6 Tips for Improving Your Interviewing System

By Maureen Werrbach, LCPC on July 14, 2021
Two illustrated people interviewing via phone

One of the trickiest parts of owning a group practice is building a solid interviewing system that brings in your ideal clinicians. Whether you’re just starting out and bringing on your first hire, or you’re more established and have been hiring for years, the folks we hire in our practices set the tone for the culture and success of the practice. Therefore, it’s important to find a system that works for your business. Interviewing without having a set process can lead to a lot of wasted time on your end as a business owner, and can also lead to some hiring hiccups down the road.

Here’s what I’ve learned about improving my interview process over the year.

Figure Out Your Ideal Clinician

The first trick to fine-tuning your interview system is to decide who your ideal clinician is. What exactly is it that you’re looking for? Your ideal clinician can change from hire to hire, depending on your needs. What are you willing to compromise on, and what are your deal breakers? It can be easy to connect with someone face to face in the interview and lose track of the specifics of what you need, so make sure to specify what kind of experience you want them to have. For example: the type of license you’re looking for, the amount of time you’ll have to invest in that person, if you’re going the 1099 or W2 route, personality and characteristics, values alignment, and the shifts you’re looking to fill and their availability.

Be Clear About Your Expectations

The number one reason why employees leave a group practice quickly after being hired is due to the business owner not being transparent about what was expected of them. This is a solvable problem, thankfully. You need to get clear on your expectations and stick to them. Let them know exactly what will be expected of them. Are they supposed to network or market themselves? Are they expected to write blogs or record videos for social media? Anything that you expect them to do outside of seeing clients and completing documentation should be spelled out.

Put Instructions in Your Application

Application instructions can be the first place to screen for your ideal therapists. Do you want a cover letter? Where should they be sending documents for their application? Should they send in their resume, CV or both? Do you want to have applicants record an intro video as part of the screening process? This can save you a step in the interviewing process because it gives you a chance to see their communication style and how they engage with technologywhich is especially important these days as folks rely on telehealth.

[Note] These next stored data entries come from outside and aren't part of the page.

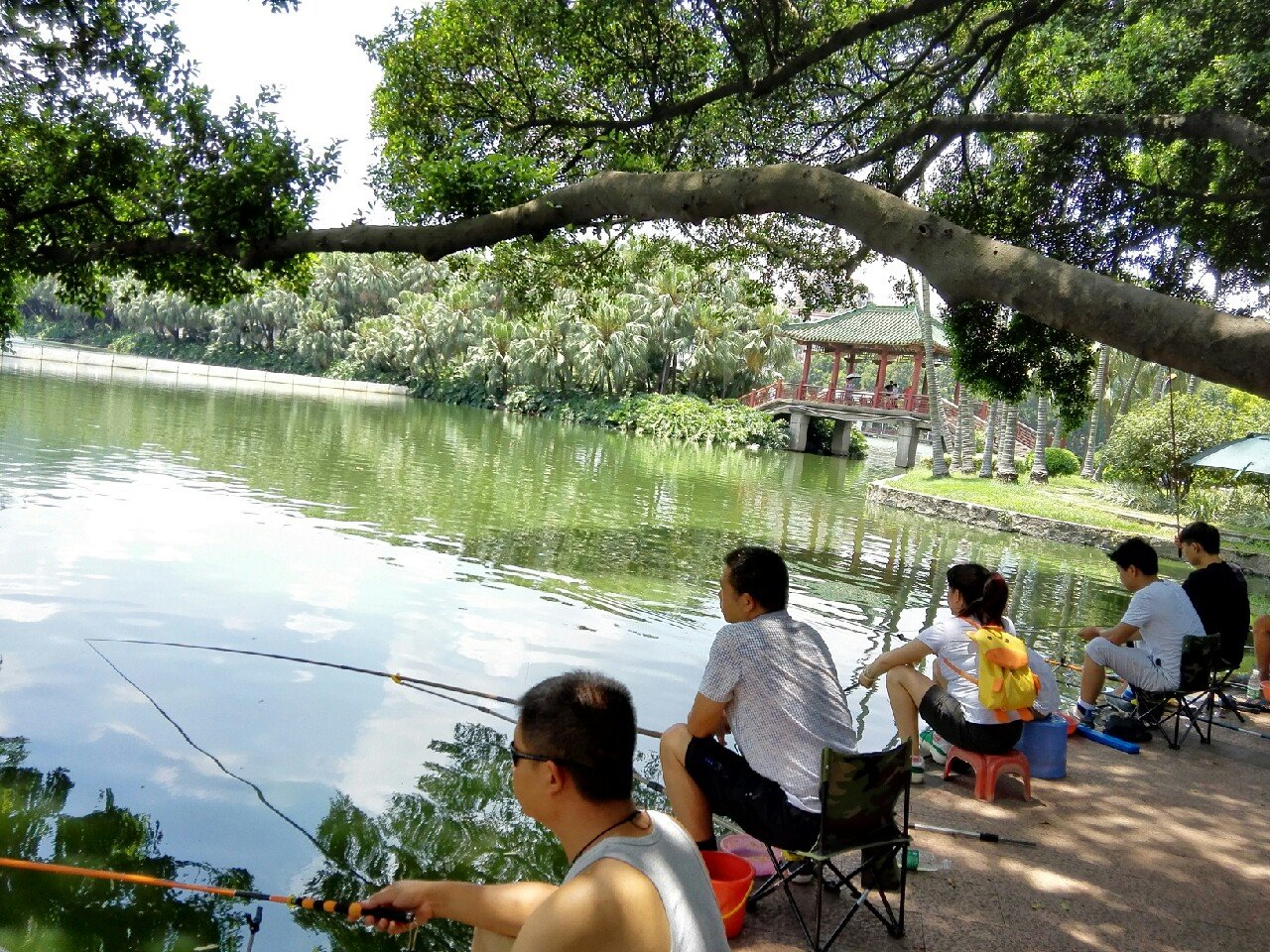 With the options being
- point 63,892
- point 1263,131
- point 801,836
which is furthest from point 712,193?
point 1263,131

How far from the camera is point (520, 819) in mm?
4934

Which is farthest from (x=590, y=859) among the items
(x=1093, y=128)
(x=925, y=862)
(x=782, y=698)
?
(x=1093, y=128)

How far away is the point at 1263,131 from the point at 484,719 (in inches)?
289

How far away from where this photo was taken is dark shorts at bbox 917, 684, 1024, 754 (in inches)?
179

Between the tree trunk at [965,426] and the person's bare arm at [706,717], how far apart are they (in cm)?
2830

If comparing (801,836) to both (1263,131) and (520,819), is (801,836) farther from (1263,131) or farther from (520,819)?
(1263,131)

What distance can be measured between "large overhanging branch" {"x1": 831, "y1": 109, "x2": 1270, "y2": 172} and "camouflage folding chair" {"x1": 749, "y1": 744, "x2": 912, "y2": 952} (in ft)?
14.7

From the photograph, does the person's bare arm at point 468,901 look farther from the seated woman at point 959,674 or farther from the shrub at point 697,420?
the shrub at point 697,420

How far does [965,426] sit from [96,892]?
29.6m

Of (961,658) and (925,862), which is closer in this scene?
(925,862)

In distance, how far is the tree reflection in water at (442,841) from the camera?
4.03 meters

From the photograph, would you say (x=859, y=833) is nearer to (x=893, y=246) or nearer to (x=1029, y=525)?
(x=893, y=246)

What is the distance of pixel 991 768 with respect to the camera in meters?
4.66

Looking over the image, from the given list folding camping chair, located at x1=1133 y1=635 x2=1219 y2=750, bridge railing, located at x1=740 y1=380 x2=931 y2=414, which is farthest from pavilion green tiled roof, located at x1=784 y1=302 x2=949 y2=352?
folding camping chair, located at x1=1133 y1=635 x2=1219 y2=750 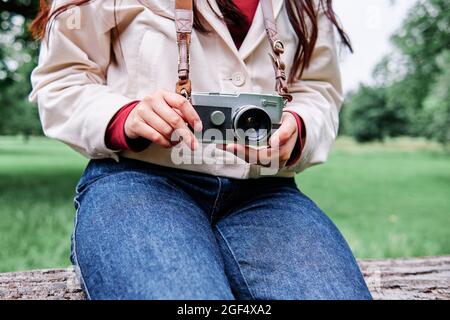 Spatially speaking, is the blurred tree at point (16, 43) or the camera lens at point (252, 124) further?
the blurred tree at point (16, 43)

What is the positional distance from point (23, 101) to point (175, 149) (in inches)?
765

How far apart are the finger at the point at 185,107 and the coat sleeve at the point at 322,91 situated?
37 cm

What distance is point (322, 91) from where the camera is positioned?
143cm

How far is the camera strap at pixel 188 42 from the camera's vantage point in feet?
3.51

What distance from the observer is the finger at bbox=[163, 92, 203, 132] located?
3.19ft

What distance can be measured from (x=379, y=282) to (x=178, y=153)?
0.95 m

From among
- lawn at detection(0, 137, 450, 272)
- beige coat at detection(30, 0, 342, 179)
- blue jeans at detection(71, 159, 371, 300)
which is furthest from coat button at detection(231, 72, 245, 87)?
lawn at detection(0, 137, 450, 272)

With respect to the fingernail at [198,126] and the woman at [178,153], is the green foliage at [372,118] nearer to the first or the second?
the woman at [178,153]

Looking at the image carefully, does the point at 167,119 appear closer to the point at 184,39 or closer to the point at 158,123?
the point at 158,123

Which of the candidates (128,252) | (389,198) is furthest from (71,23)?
(389,198)

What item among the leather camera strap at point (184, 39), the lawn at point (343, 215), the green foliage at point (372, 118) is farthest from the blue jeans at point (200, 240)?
the green foliage at point (372, 118)

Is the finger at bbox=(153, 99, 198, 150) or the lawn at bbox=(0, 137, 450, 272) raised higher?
the finger at bbox=(153, 99, 198, 150)

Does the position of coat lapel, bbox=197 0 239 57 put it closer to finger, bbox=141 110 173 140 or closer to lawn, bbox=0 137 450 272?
finger, bbox=141 110 173 140

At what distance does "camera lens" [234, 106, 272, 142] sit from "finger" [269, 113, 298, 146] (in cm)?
2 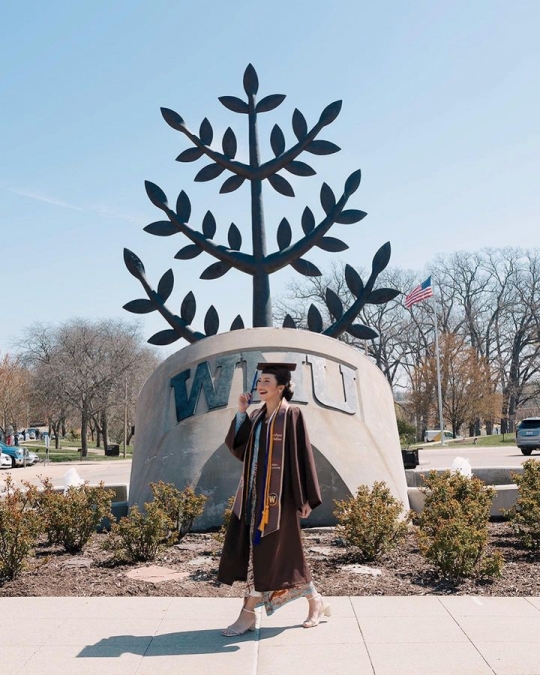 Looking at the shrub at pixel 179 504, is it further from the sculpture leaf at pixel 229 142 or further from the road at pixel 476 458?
the road at pixel 476 458

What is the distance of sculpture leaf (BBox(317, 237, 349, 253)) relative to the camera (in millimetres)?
12438

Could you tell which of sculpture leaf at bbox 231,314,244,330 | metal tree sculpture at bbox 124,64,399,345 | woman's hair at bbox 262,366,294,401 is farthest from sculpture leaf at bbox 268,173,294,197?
woman's hair at bbox 262,366,294,401

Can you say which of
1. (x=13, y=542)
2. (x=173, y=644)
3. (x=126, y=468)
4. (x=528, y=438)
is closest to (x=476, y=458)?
(x=528, y=438)

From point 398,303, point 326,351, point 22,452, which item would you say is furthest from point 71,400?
point 326,351

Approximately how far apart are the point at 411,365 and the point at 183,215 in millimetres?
36386

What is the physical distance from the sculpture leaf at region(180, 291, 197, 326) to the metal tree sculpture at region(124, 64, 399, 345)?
16mm

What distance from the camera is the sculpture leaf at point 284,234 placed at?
12727 millimetres

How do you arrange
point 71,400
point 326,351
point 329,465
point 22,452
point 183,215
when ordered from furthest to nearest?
point 71,400
point 22,452
point 183,215
point 326,351
point 329,465

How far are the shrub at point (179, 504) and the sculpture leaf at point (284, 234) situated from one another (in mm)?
5996

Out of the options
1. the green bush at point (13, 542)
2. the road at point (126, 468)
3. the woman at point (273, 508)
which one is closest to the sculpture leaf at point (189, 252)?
the green bush at point (13, 542)

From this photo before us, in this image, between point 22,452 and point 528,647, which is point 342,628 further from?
point 22,452

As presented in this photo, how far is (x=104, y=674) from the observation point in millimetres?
3879

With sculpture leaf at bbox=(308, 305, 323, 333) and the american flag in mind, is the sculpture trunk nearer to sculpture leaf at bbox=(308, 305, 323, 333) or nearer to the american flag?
sculpture leaf at bbox=(308, 305, 323, 333)

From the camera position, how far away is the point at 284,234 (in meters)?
12.8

Have an Extra Screening for Non-negotiables

You can simply do this through something like Google Forms. Your non-negotiables will vary based on the values and needs of your practice, but some you might screen for are:

  • Are you fully licensed in your state?
  • Do you have a niche?
  • What certifications or previous experience do you have in your niche?
  • What is your hourly availability per week?
  • What is your ideal schedule?
  • Do you have previous experience in private practice?
  • Are you employed anywhere else?
  • Why do you want to work in a group practice?
  • What are your long term goals personally and professionally?

Do a Phone Screen

I also like to do a screening over the phone to make sure that the person is a good fit before bringing them in for a face-to-face interview. I let them know that it will just be about 15 minutes, so they know the time investment beforehand, and ask them questions to get a sense of who they are. This is another place to screen for your non-negotiables to make sure that you’re only bringing in folks who meet the criteria. This phone screening also gives us a chance to get to know their communication style and personality a bit more, and it gives us a chance to make sure our values align.

Have the Interview with Multiple Staff Members

Another valuable interviewing tip is to have potential hires interview with multiple members of your team. This way you can get more feedback on if they’ll be a good fit, you can see how they interact with your team, and you can get another perspective from someone who already knows what it’s like to work in your practice.

Hiring new clinicians is an important part of group practice, but it’s not something we really get trained to do in school. I suggest that you play around a bit with these ideas and see what is a good fit for you and your practice culture to see if you can improve your interviewing system. The main goal is that you have a system for screening for your ideal therapist and that you get several touchpoints with that person before hiring them. You got this!

* The content of this post is intended to serve as general advice and information. It is not to be taken as legal advice and may not account for all rules and regulations in every jurisdiction. For legal advice, please contact an attorney.